Page MenuHomePhabricator

Detail codfw snapshot/dataset requirements
Closed, DuplicatePublic

Description

This hardware-request will detail out the requirements for the dataset and snapshot cluster in codfw. This is a migration of ticket https://rt.wikimedia.org/Ticket/Display.html?id=7612. That old ticket has outdated specification details (That I'll paste in below).

Once the determination on what kind of hardware is needed for each system, we'll update this task summary with those details.

Event Timeline

RobH claimed this task.
RobH raised the priority of this task from to Medium.
RobH updated the task description. (Show Details)
RobH added a project: hardware-requests.
RobH added subscribers: RobH, ArielGlenn.
Restricted Application added a subscriber: Aklapper. · View Herald Transcript

Below is a copy from my old email entry in the RT ticket:

We need to replace the snapshot and dataset infrastructure from Tampa for CODFW. All the hardware was out of warranty and thus either sold off/decommissioned.

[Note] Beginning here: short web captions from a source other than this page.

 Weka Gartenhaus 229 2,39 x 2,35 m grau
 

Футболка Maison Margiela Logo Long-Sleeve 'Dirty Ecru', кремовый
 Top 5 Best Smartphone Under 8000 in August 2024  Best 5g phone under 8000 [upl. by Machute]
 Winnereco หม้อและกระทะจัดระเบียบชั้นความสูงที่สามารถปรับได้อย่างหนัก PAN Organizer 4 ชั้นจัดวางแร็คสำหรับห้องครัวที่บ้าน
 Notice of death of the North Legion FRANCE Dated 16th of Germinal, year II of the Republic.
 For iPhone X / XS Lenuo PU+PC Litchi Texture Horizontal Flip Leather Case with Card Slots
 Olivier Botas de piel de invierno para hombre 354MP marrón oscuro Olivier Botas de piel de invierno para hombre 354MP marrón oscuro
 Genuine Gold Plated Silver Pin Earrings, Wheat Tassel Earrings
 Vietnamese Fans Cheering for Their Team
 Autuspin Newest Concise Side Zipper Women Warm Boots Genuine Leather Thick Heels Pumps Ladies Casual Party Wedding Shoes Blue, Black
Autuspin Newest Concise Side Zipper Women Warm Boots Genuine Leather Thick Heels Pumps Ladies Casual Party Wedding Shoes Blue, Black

I've listed off the following servers so Ariel can comment on what each is used for and any relevant upgrades that would help. I've listed the names of the ones in EQIAD, but we'll just be using the same names in ULSFO with the 2000 range of numerals.

dataset1001
single server
dual Intel Xeon(R) CPU X5650 @ 2.67GHz
164GB
12 2TB disks
md1200 array
12 2TB disks
Upgrade note: I'd have our system vendor update the disks to possibly 3TB disks. Also upgrade the CPU and memory to whatever the highest amount for a good price point rests at.

snapshot1001
R815
Quad cpu amd 6134 2.3 opteron
64GB memory
Upgrade Notes: move to newer platform, keep 4 cpu, up memory per cpu if possible for price point

snapshot1002
R410
dual Intel(R) Xeon(R) CPU E5645 @ 2.40GHz
12GB memory
upgrade note: this should just change to use our high performance misc server spec, dual cpu 8 cores each 64GB RAM dual sata disks for OS.

snapshot1003
R410
same as snapshot1002

snapshot1004
R410
same as snapshot1002

Ariel: If this seems correct to you, please reply with such. I'll get the different specs quoted out.

Assigning to Ariel for overall input and detailing of the requirements for a snapshot/dataset cluster host in codfw.

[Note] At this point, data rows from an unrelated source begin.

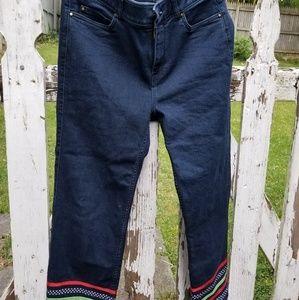 Rafaella vintage crop jeans ribbon trim, size 10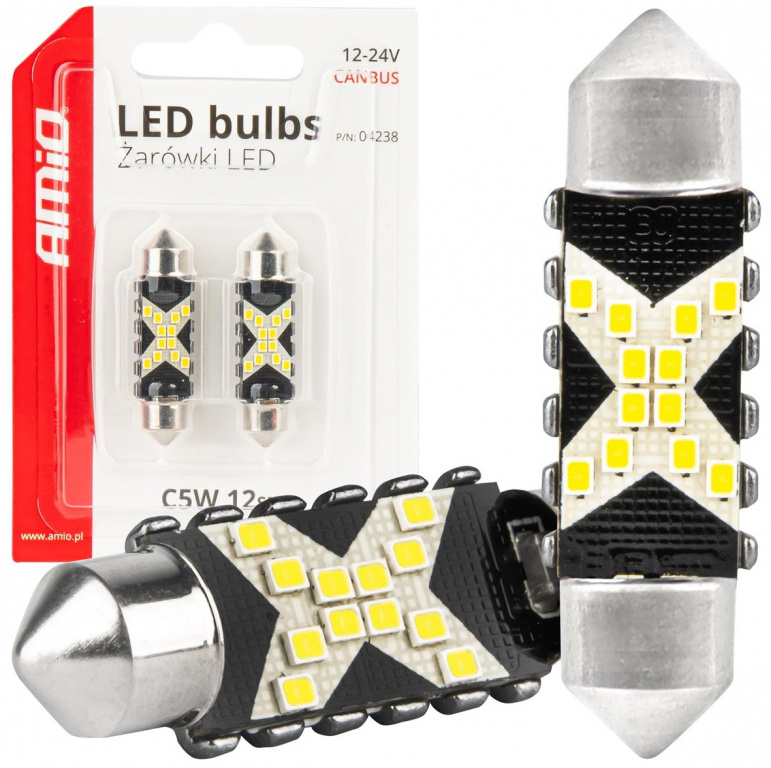 Set 2 Buc Led Amio Sofit 12V / 24V C5W 12 SMD 2016 Canbus Alb 5500K 41mm 04238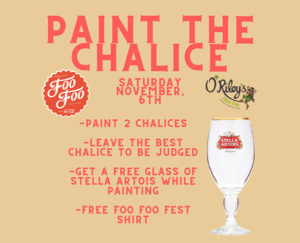 Paint the Stella Artois chalice at O'Riley's Irish Pub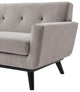 Loveseat Sofa, Gray, Fabric, Modern, Mid Century Hotel Lounge Cafe Lobby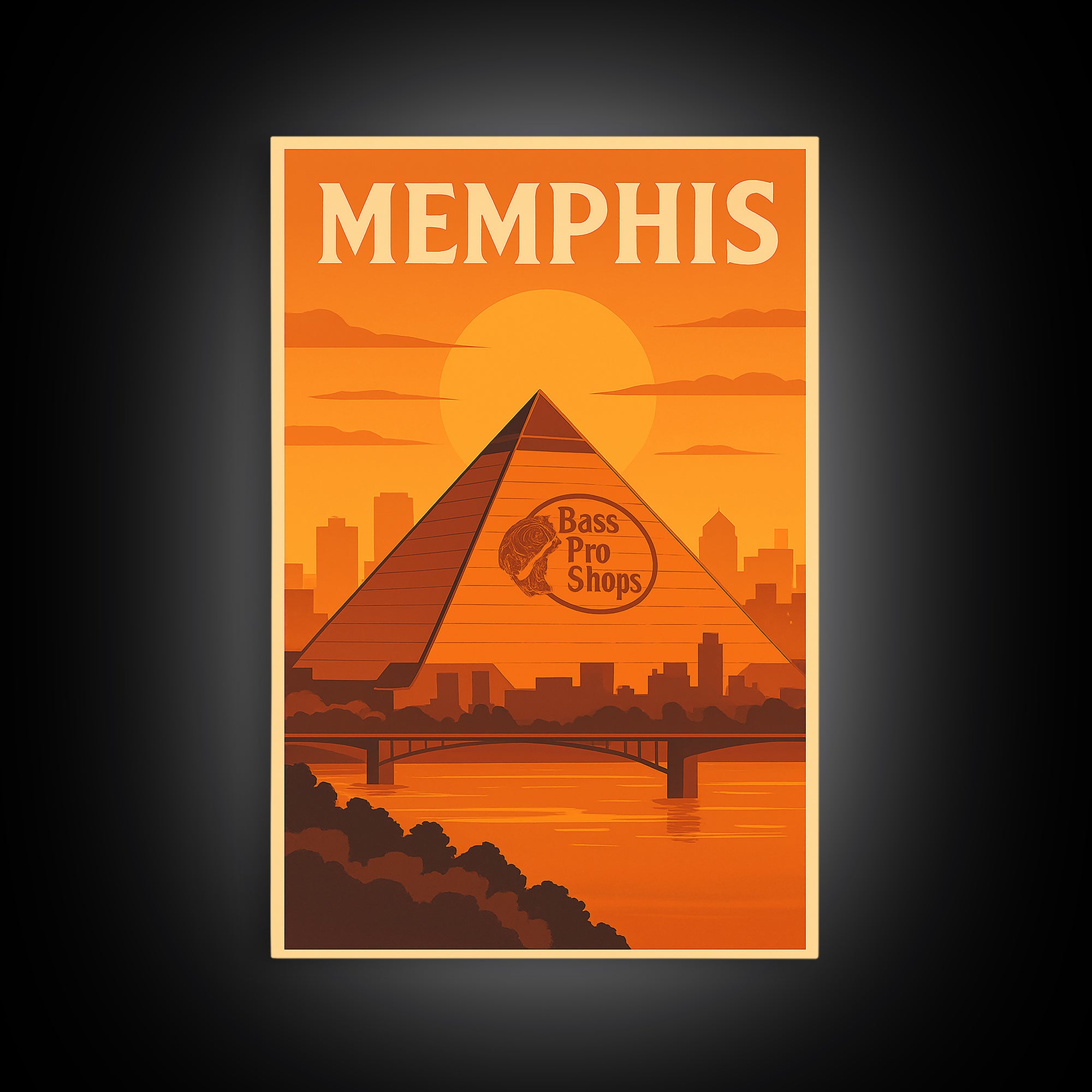 Memphis Tennessee Travel Poster, Canvas Print, Gold Art Deco Poster Art, Memphis Wall Art, Watercolor Urban Skyline, Art Print, Travel Art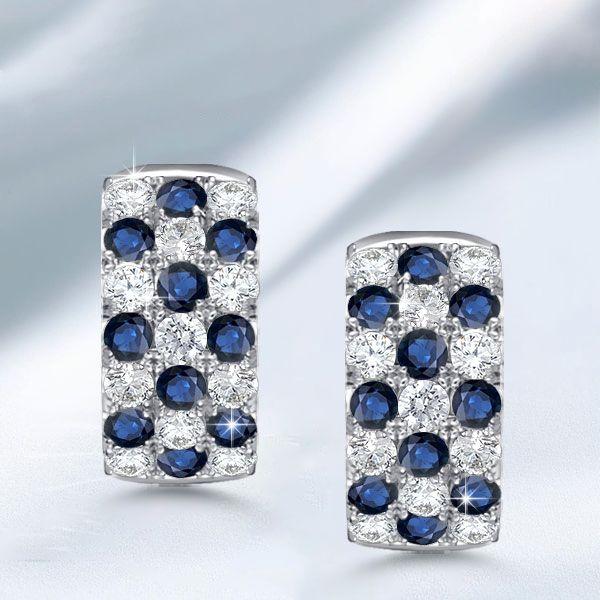 Blue & White Triple Row Huggie Hoop Earrings in Sterling Silver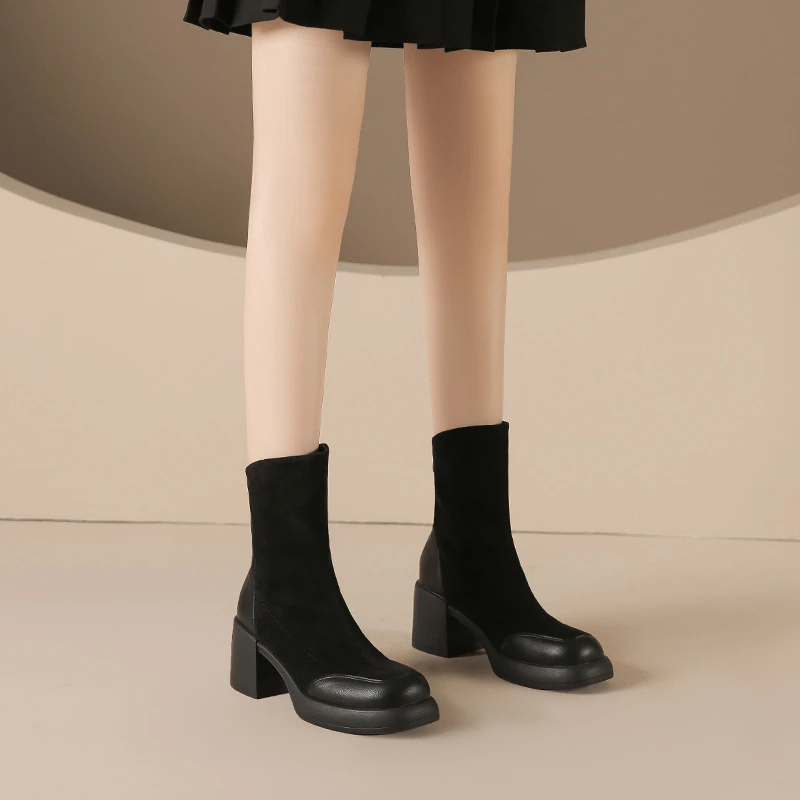 厚底拼接瘦瘦马丁靴2025新款秋冬季短筒后拉链英伦短靴女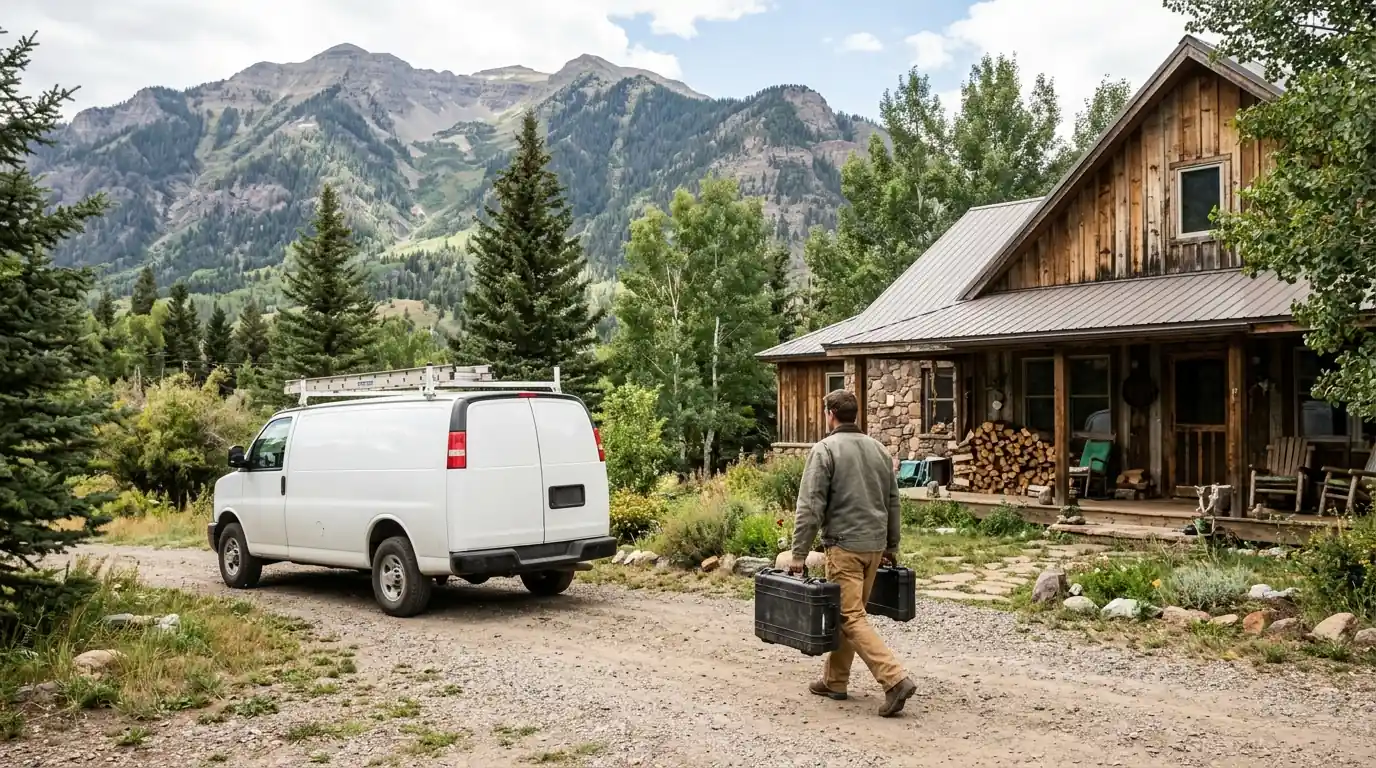 Technician arriving at a rural La Plata County, Colorado home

Keep in mind we'll have to order new, and we'll update the specification above. (Since they are old, memory will be cheaper and thus likely bump upwards, etc...)

@ArielGlenn: Please detail how many snapshot and dataset hosts needed for codfw to replicate eqiad. Also note if snapshot/dataset hosts are planned to be duplicated in codfw. (If they are not, this task can be declined.)

Once I have basic details on what is needed, I'll link sub-tasks off this in procurement for quoting.

It's not going to be straight up duplication. There are two things at play here:

  1. I want to get rid of nfs when we deploy in codfw. If this seems like it's too hard to do soon or that it should wait for Dumps 2.0 (tm) which obviously won't happen overnight, then we can skip this for now but have it in the back of our minds.
  2. We need a little more capacity in eqiad (see ticket: T118154) and so I'd like to duplicate the setup when we have the added capacity. Oh and I Just remembered,
  3. We have a spare dataset (ms1001) in eqiad; obviously we do not need two datasets in codfw.
ArielGlenn set Security to None.
ArielGlenn moved this task from Backlog to Active on the Dumps-Generation board.

So @RobH can you have a look at the eqiad hw ticket and let's hash that out first? Then we can use that as the basis for hw in codfw with whatever adjustments.